The printable characters in the PC Code Page 1 are identical to the corresponding characters in the Unicode Code Page 1. However, unlike Unicode, the PC continues its tradition of giving printable representations to many of the control codes as well.

The bottom line for users of Excel is that if you want to build a spreadsheet that may be viewed correctly on both a PC and a Mac then you must stick to the characters on Code Page 0 in positions `32 ... 126`.

If as an Excel user you are willing to forego Mac compatibility but you wish to retain Unicode compatibility, then stick to the Unicode printable characters.

If as an Excel user you can guarantee that your users will run your spreadsheet only on a PC running Windows then you may use all of the PC characters.

The only exception to these recommendations is Line Feed or character `10` which is the topic of the next section.

There is one control character line feed or `CHAR(10)` that deserves further discussion.
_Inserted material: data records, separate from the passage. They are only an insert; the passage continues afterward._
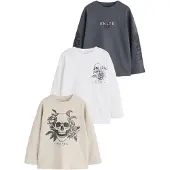 Next T-shirt grå / taupe / svart / vit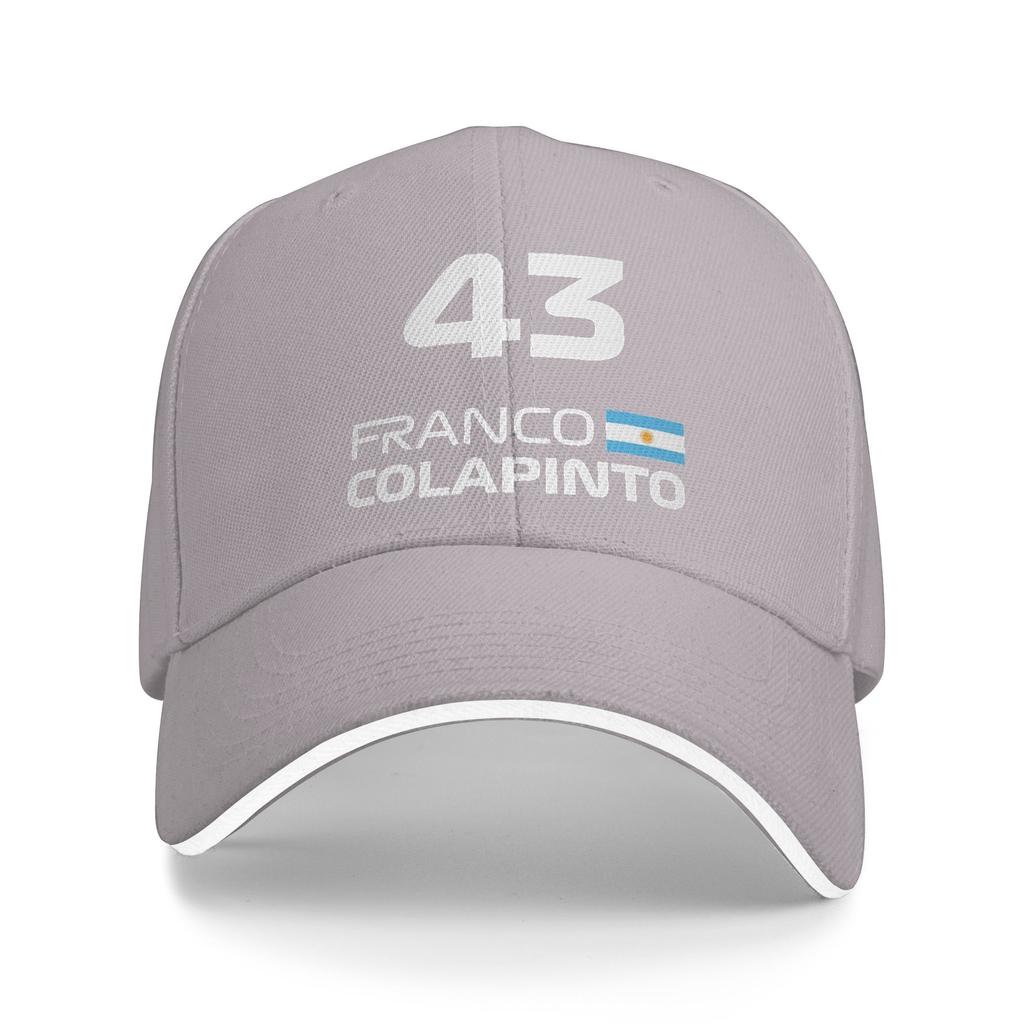 Cappellino da Baseball Estivo Uomo Racing Colapinto Franco FC43 Sole Cappelli Hip Hop Logo Personalizzato Regolabile Casual Escursionismo Pesca Cappellino Snapback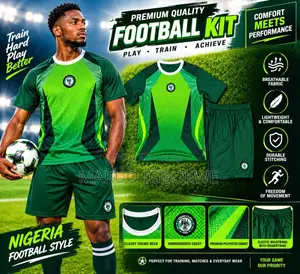 Nigeria Jerseys Complete Set Top and Short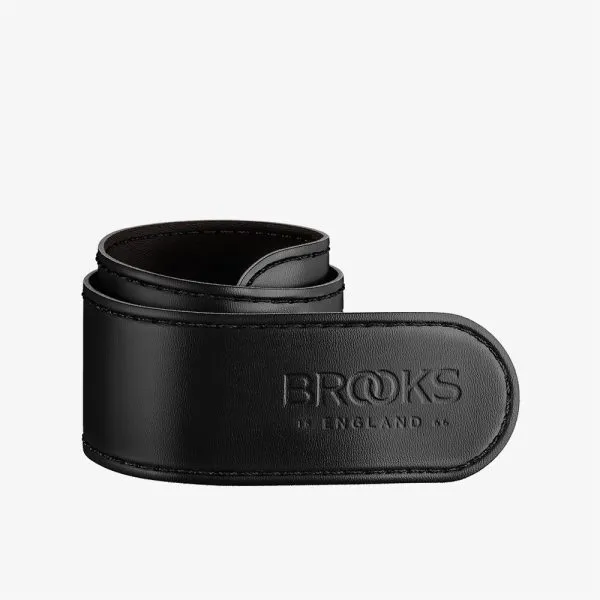 Skärp läder Brooks Svart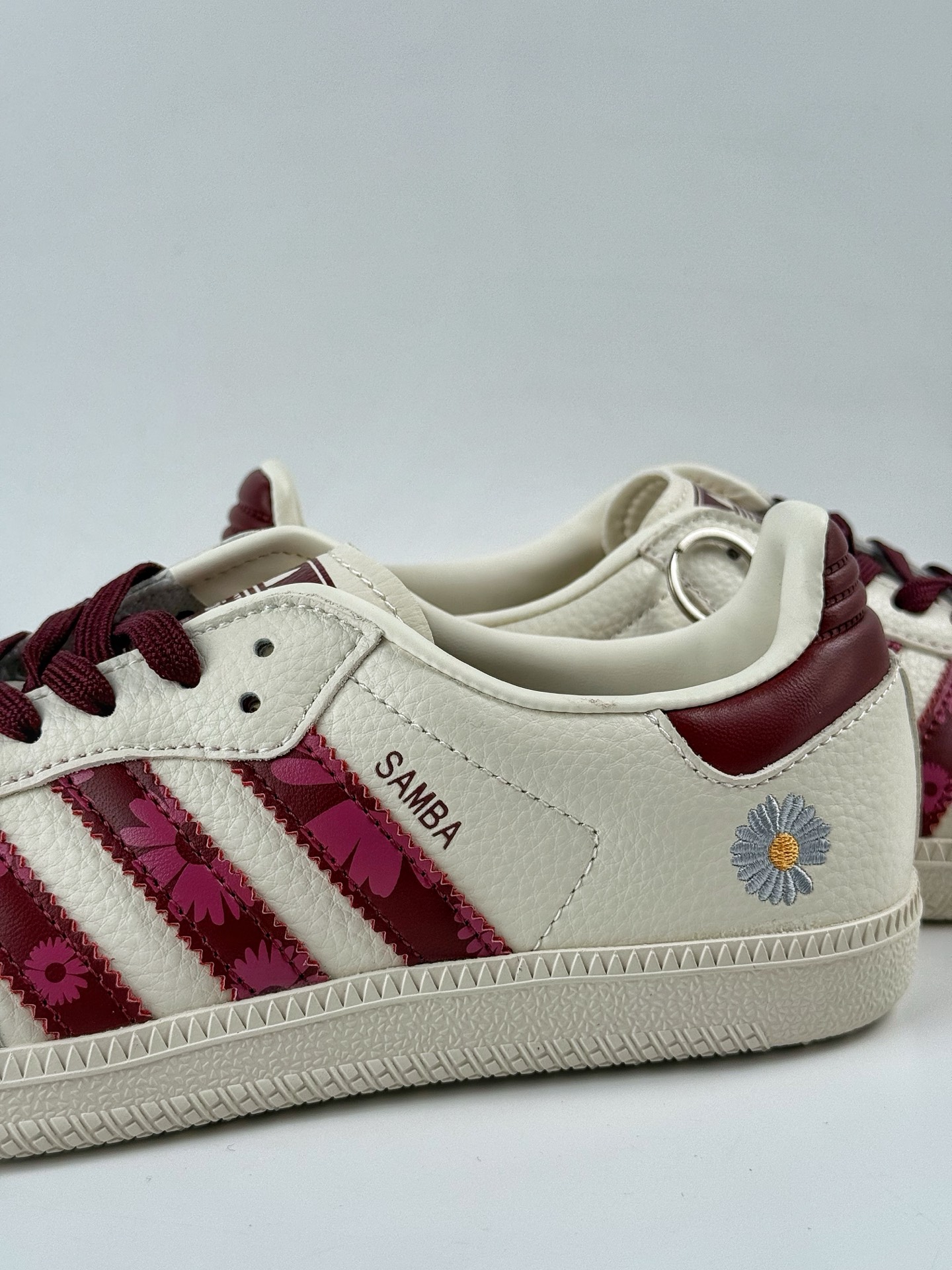 adidoriginals Samba OG 小雏菊 灰白 桑巴舞系列复古经典轻便板鞋 DX0009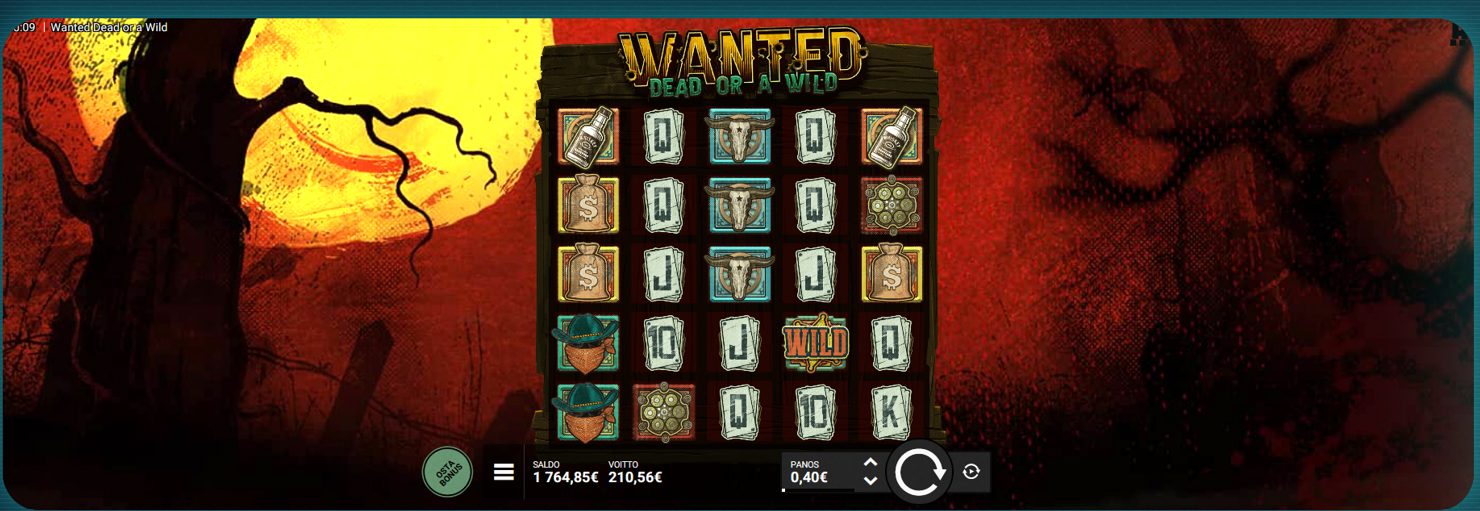 Wanted Dead or a Wild – Power Up (draft) (210.56 eur / 0.4 bet) | Miguelson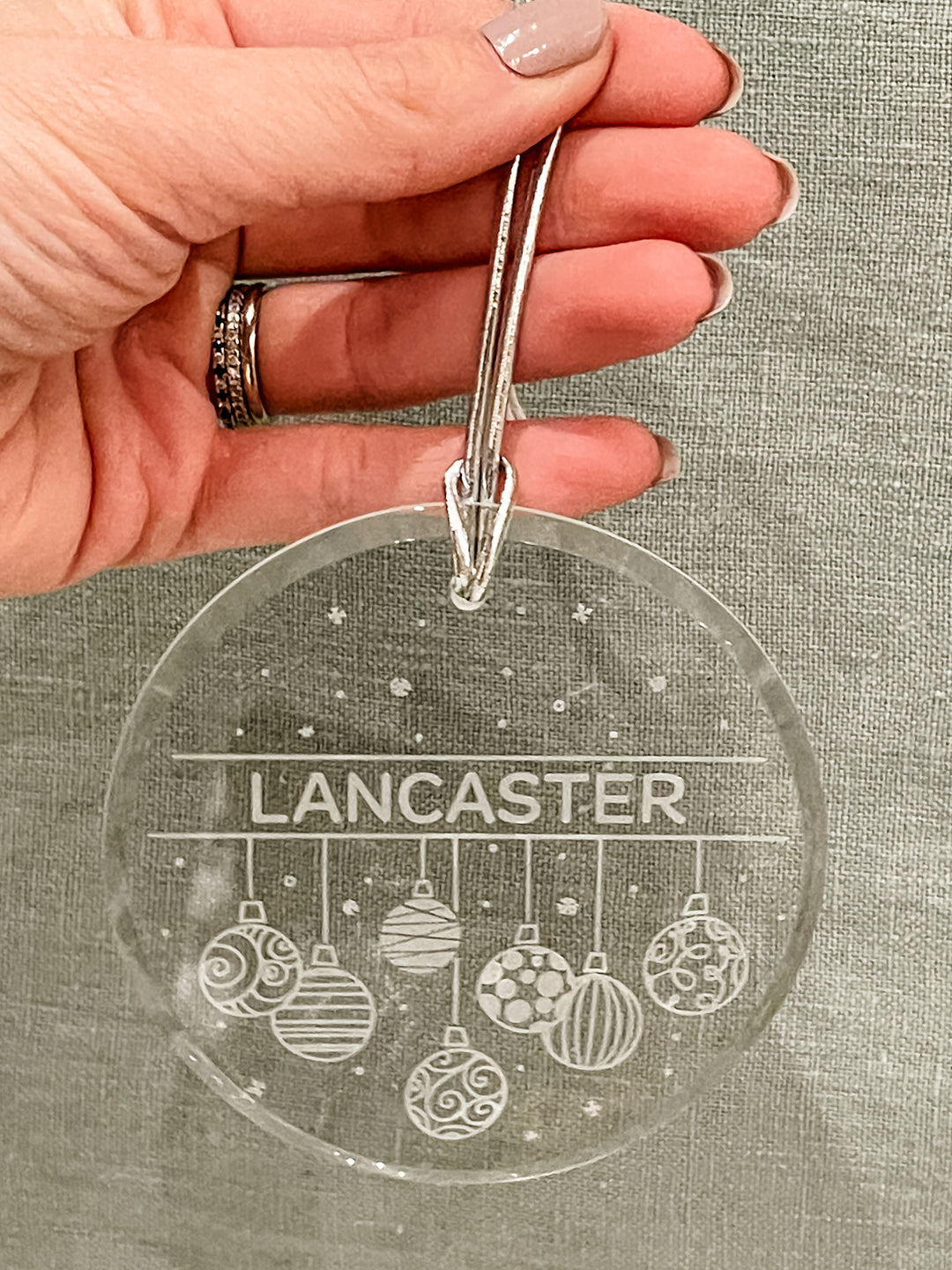 Glass Lancaster Ornament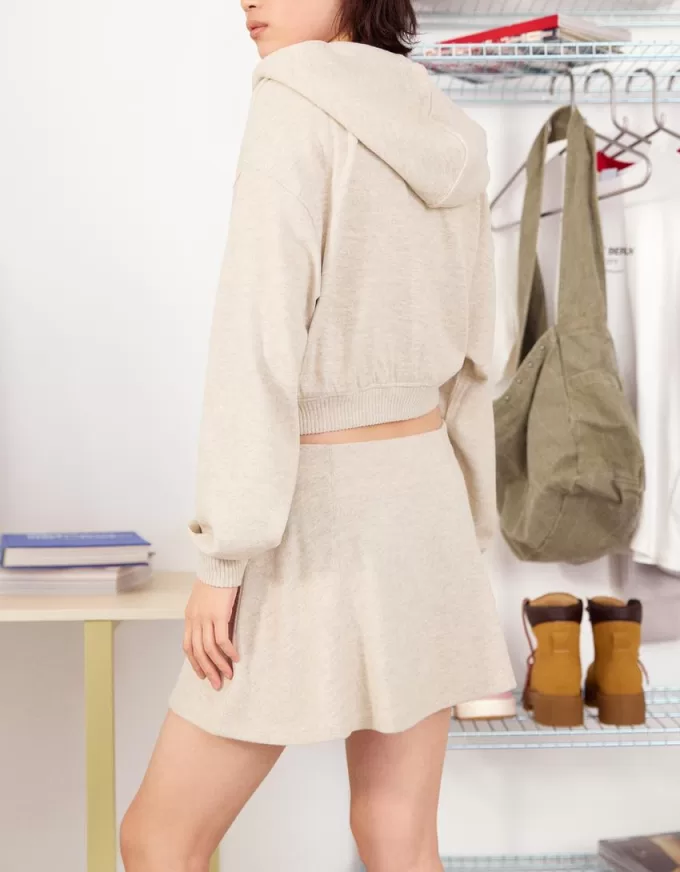 Minigonna morbida al tatto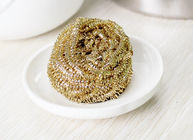 Golden Color Brass Copper Scouring Pads Free Samples Not Easy To Drop Crumbs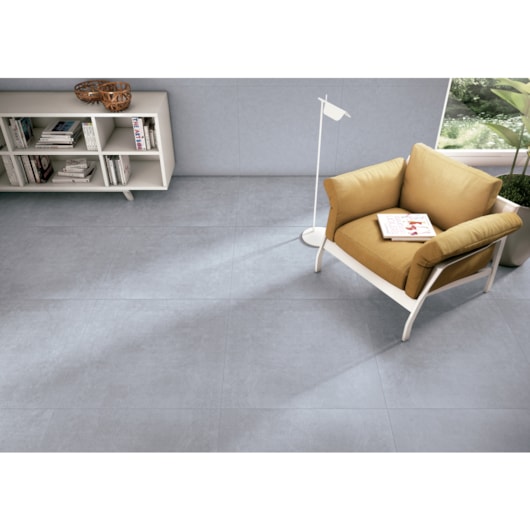 Porcelanato Retificado Duo Concret Gris Acetinado 7mm A Incepa 90x90 cm - Imagem principal - e042b5c2-5d8e-4c86-b41d-e2db3bce3540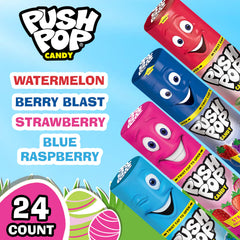 Push Pop individually wrapped lollipops for mess-free sharing at events.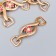 Decor for creativity plastic buckle "Flower and bend" 1.9x6 cm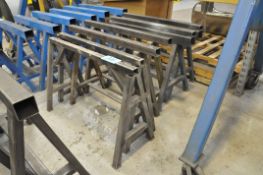Lot-(6) Steel Work Horses, (Bldg 1)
Sometimes when you enter data into a cell, you may wish the data to occupy two or more lines within that cell. Excel offers a keyboard shortcut alt-Enter to insert a line feed within the cell. Characters that follow the line feed will be on a new line.

The use of alt-Enter actually performs 2 tasks:

• The line feed character `CHAR(10)` is added to the string being constructed in the cell.
• The cell property Wrap Text is turned on for the cell so that multiple lines can be displayed.

You may ask whether it is possible to use Excel formulas to cause text in a cell to have line breaks. Unfortunately, the answer is no. It is easy to insert `CHAR(10)` into a string of text but there is no way to use formulas to turn on the Wrap Text property of a cell. This is because formulas compute the values to be placed in the cell but cannot be used to set the cell formatting properties.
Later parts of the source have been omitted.